[TASK BRIEF] Copy the lines below, please, starting with the one that contains "Flamengo com 1" and ending with the last. Pictures stay out.

[PROVIDED RECORDS]
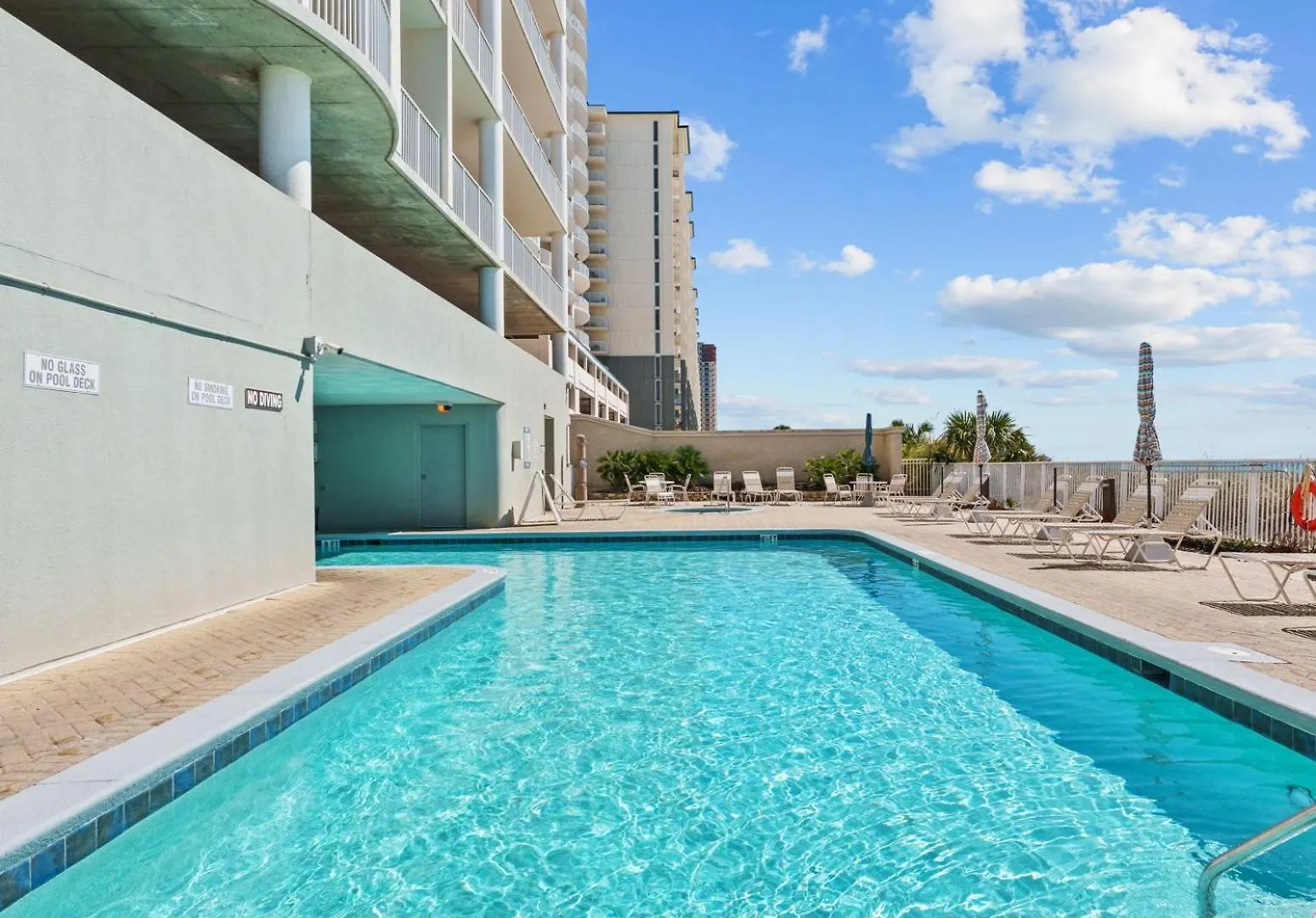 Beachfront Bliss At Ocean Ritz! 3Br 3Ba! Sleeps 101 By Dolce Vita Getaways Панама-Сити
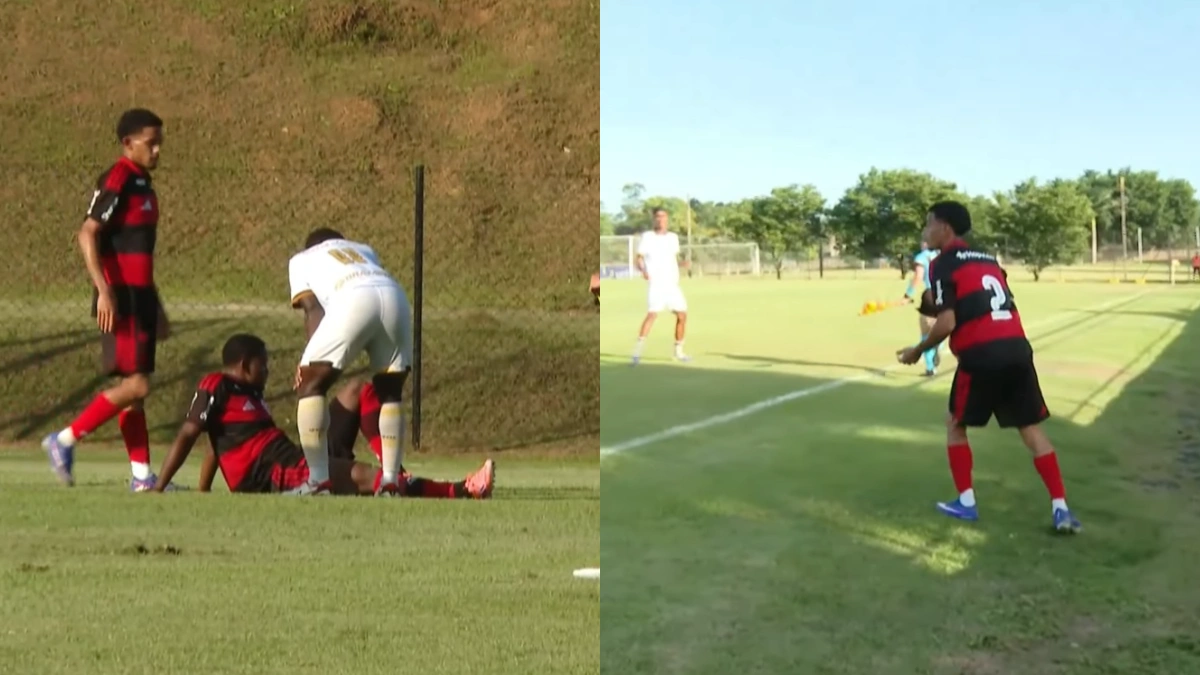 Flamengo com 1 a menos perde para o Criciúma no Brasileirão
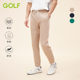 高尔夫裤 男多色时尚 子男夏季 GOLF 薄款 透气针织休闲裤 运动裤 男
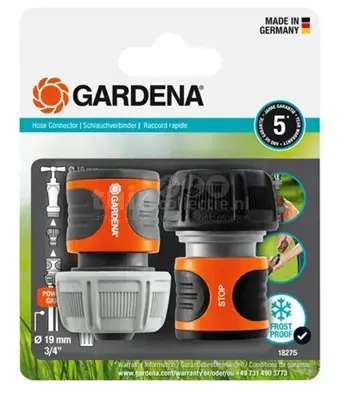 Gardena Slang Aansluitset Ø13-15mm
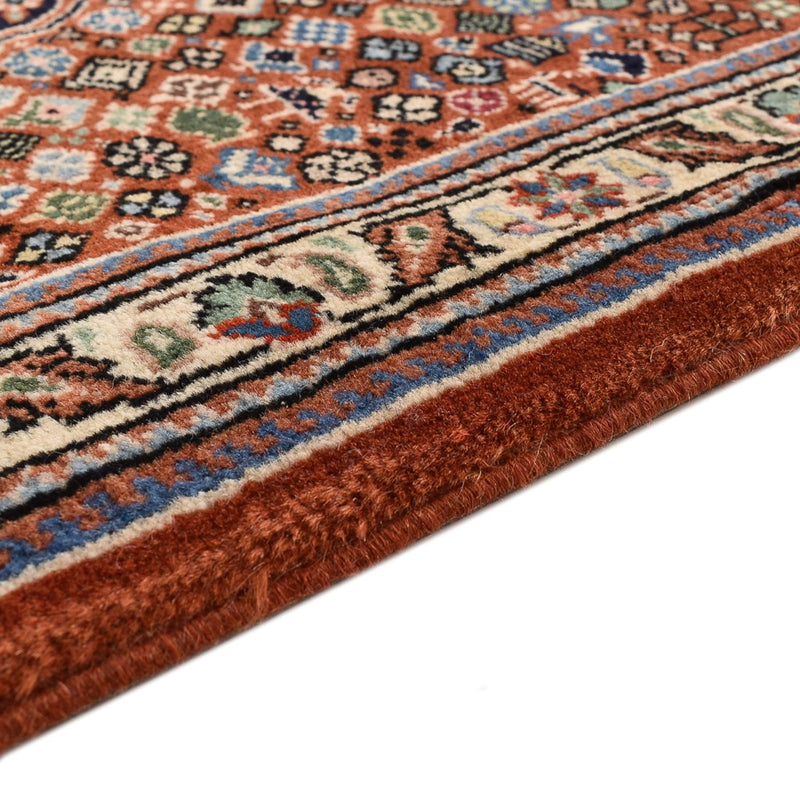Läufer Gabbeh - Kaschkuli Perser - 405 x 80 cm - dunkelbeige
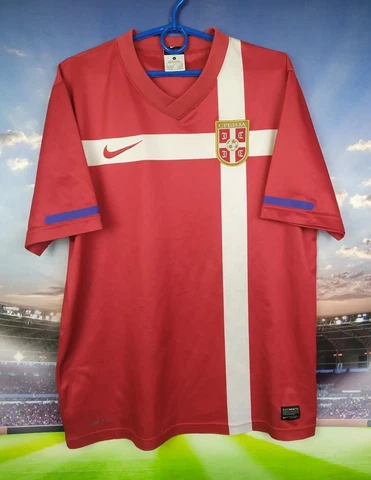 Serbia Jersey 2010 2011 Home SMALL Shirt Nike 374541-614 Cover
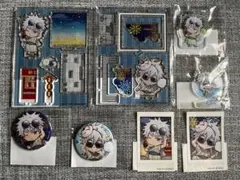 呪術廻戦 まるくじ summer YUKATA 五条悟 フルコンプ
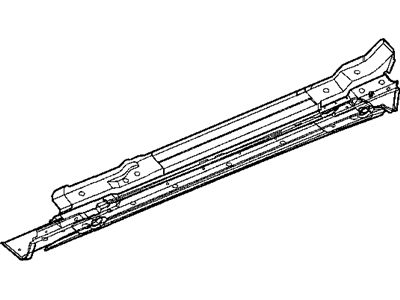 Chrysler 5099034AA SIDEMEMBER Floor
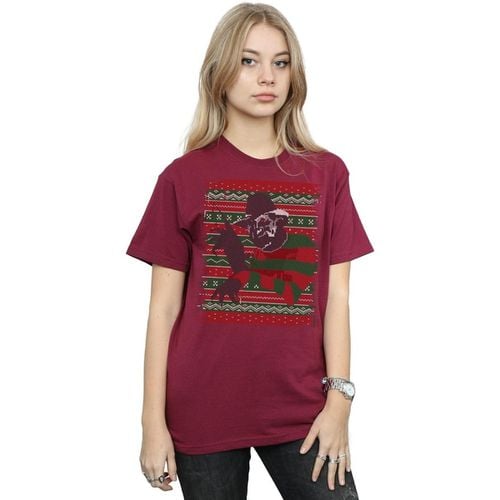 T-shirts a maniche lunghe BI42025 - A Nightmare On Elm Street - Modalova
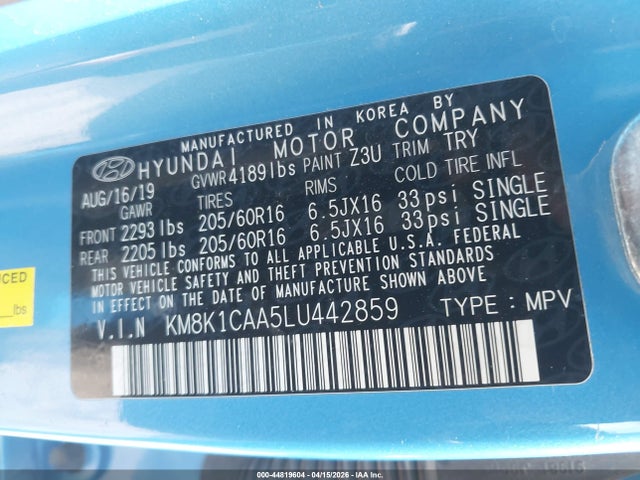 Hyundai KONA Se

[REPLY TO THE EXERCISE]
 Flamengo com 1 a menos perde para o Criciúma no Brasileirão
 高尔夫裤 男多色时尚 子男夏季 GOLF 薄款 透气针织休闲裤 运动裤 男
 Gardena Slang Aansluitset Ø13-15mm
Läufer Gabbeh - Kaschkuli Perser - 405 x 80 cm - dunkelbeige
 Serbia Jersey 2010 2011 Home SMALL Shirt Nike 374541-614 Cover
 呪術廻戦 まるくじ summer YUKATA 五条悟 フルコンプ
 Chrysler 5099034AA SIDEMEMBER Floor
 T-shirts a maniche lunghe BI42025 - A Nightmare On Elm Street - Modalova
 Hyundai KONA Se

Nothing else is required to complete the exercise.